Open peterdudfield opened 5 months ago
Processed data is currently being stored here: https://huggingface.co/datasets/openclimatefix/eumetsat-iodc although it will be eventually collated and pushed to the GCP Public Dataset
Do what years fo data have been collected?
No, its currently filling in random timesteps from the whole archive, 2017-now. Once dagster has its external assets tracker thing, it'll be able to know what's on HF and we can more systematically fill in the dataset. It has some data from all years though.
Currently at 16,000/~175,000.
Could speed it up by removing the europe 15 minutes. 2017 to 2024. Shrink this down to doing 2019 to 2024.

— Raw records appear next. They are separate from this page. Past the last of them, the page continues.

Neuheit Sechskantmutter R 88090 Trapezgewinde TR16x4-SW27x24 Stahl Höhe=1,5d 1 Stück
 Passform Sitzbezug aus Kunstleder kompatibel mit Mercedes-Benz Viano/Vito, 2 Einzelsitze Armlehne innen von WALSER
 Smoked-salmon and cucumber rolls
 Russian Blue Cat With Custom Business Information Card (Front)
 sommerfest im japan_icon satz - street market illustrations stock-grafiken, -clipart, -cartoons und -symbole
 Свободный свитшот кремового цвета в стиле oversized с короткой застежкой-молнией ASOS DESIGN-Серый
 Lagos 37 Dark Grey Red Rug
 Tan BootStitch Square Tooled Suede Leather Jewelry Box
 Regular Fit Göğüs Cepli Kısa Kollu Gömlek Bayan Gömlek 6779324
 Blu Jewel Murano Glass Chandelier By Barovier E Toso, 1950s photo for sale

Seems the vast majority of this is now available on huggingface: https://huggingface.co/datasets/openclimatefix/eumetsat-iodc. This might be enough to mark the task as done @peterdudfield?
Also, for future reference as part of the handover from Jacob I've been instructed to now include this as part of the Google Public Datasets -hosted dataset, as opposed to updating the huggingface-hosted dataset. This is because GCP has faster reads for Zarr and can handle non-zipped yearly Zarr folders as opposed to zipped zarrs per timestep. See https://github.com/openclimatefix/Satip/issues/223
The long range forecast for RUVNL, as well as requiring extended ECMWF data (https://github.com/openclimatefix/nwp-consumer/issues/138) and a new Meteomatics archive, necessitates the collection of Satellite data for India.
[Part of RUVNL]